INFORMATION SUPPLIED Start Marker

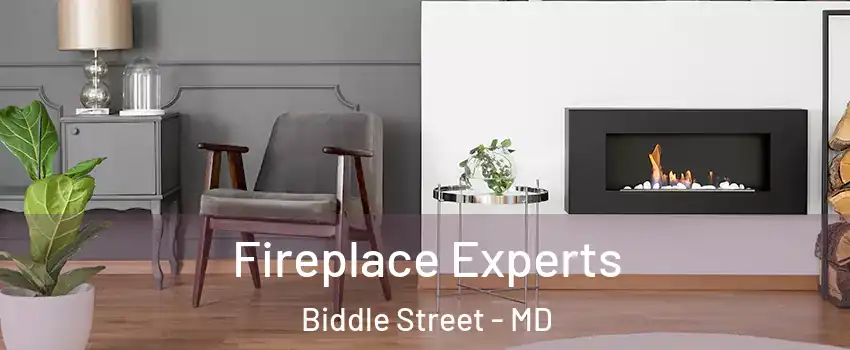 Fireplace Experts Biddle Street - MD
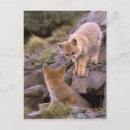 Suche nach südamerikanische poster Fuchs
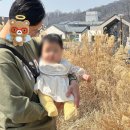 자연과 거람 네이버블로그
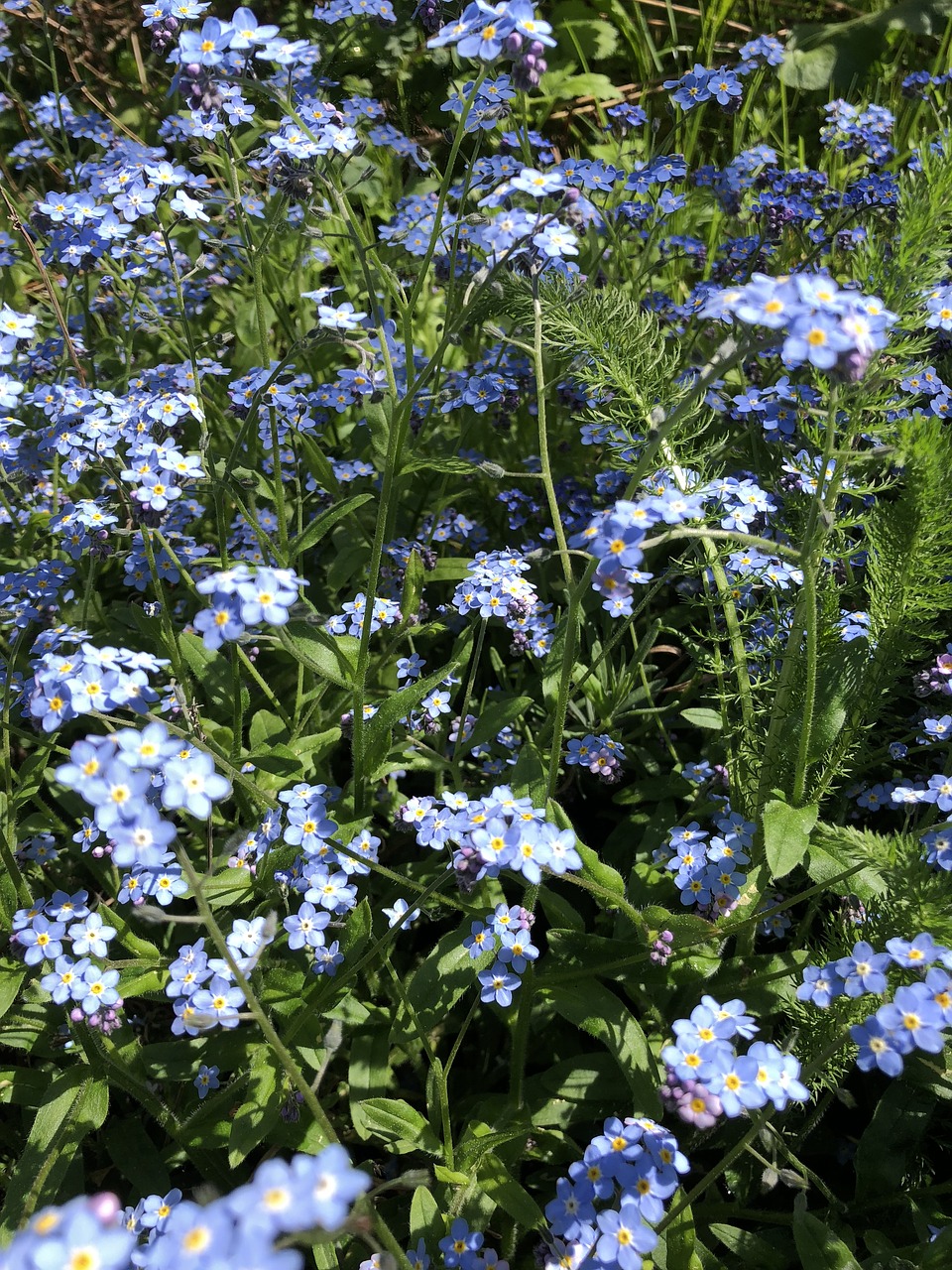 forget me not  flower  blue free photo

INFORMATION SUPPLIED End Marker

TO DO:
Quote exactly the lines from the line that contains "Suche nach südamerikanische poster Fuchs" through the last line of the listing, please, leaving out all pictures.

RESPONSE BELOW:
 Suche nach südamerikanische poster Fuchs
 자연과 거람 네이버블로그
 forget me not  flower  blue free photo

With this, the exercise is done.